▸ WHAT YOU NEED TO DO: Type the data below again exactly. Omit all pictures.

[[ GIVEN MATERIAL open ]]

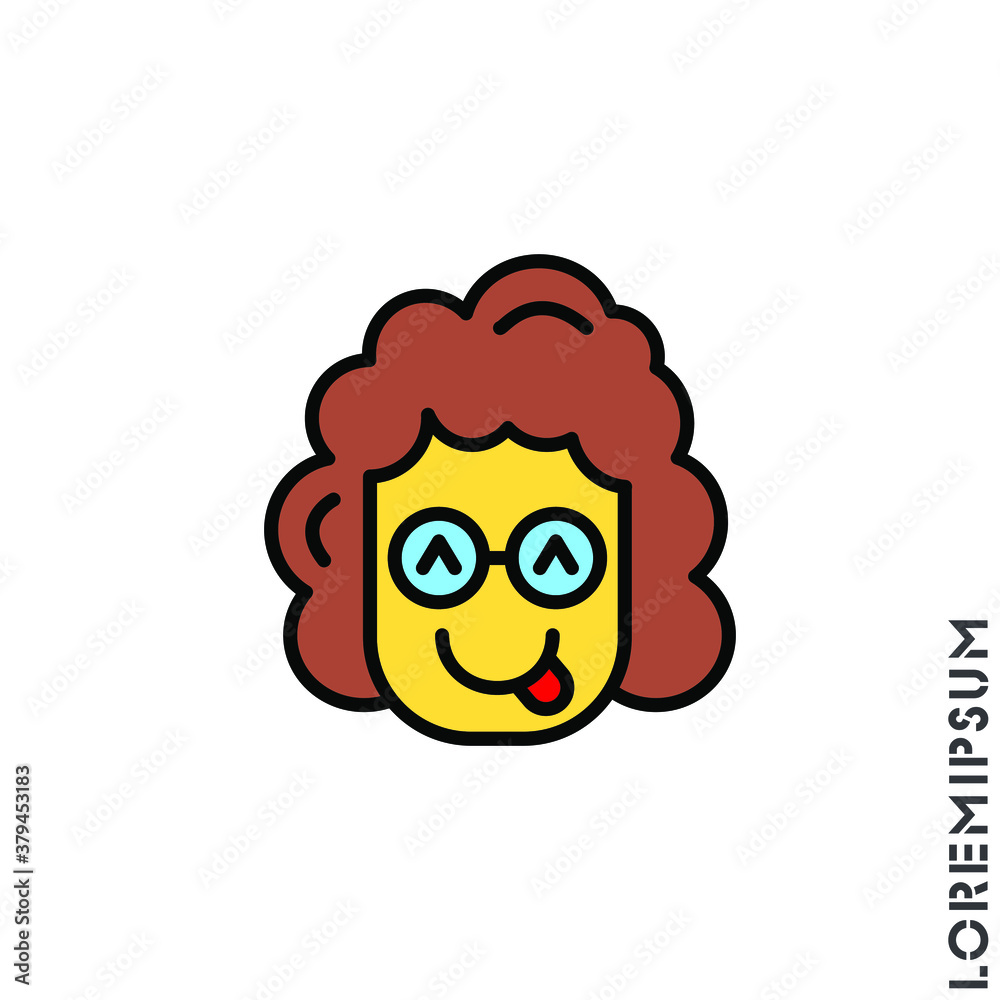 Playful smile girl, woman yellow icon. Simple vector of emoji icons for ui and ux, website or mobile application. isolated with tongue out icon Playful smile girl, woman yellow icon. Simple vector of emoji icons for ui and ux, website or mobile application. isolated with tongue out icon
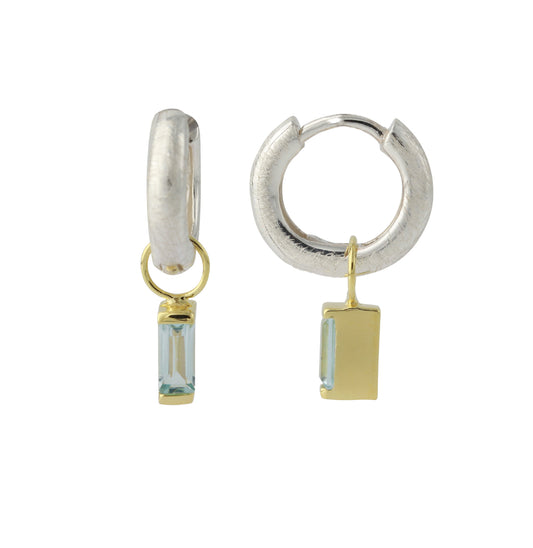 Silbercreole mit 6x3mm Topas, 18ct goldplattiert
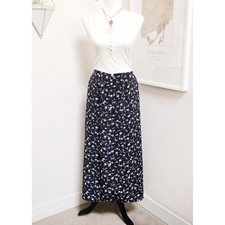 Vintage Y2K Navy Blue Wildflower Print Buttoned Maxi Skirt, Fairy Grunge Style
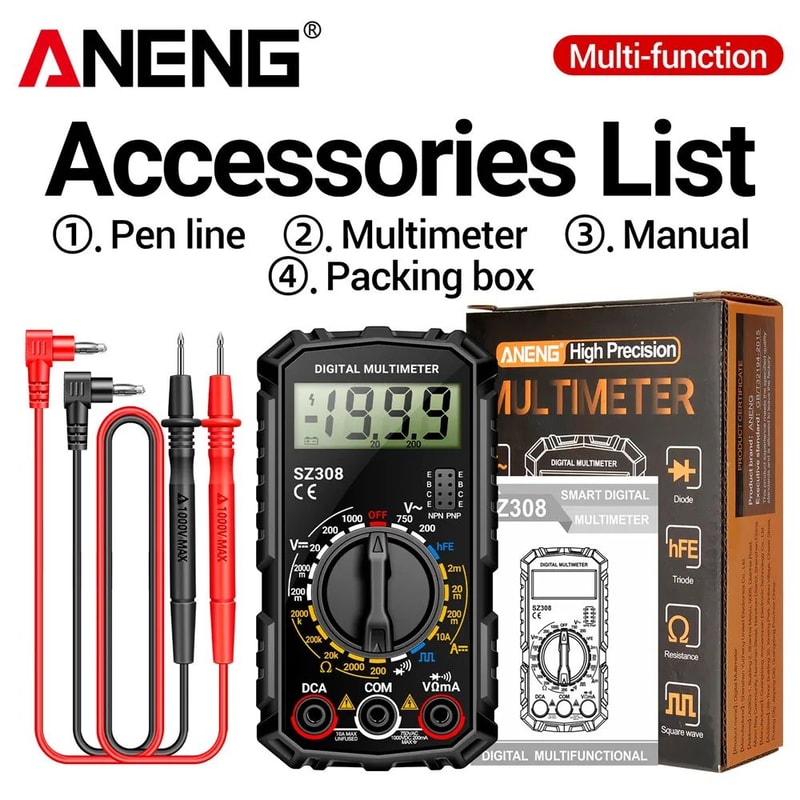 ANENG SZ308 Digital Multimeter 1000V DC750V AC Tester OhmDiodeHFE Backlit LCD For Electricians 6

[[ GIVEN MATERIAL closed ]]

▸ ANSWER TO THIS EXERCISE:
 Playful smile girl, woman yellow icon. Simple vector of emoji icons for ui and ux, website or mobile application. isolated with tongue out icon Playful smile girl, woman yellow icon. Simple vector of emoji icons for ui and ux, website or mobile application. isolated with tongue out icon
 Silbercreole mit 6x3mm Topas, 18ct goldplattiert
 Vintage Y2K Navy Blue Wildflower Print Buttoned Maxi Skirt, Fairy Grunge Style
 ANENG SZ308 Digital Multimeter 1000V DC750V AC Tester OhmDiodeHFE Backlit LCD For Electricians 6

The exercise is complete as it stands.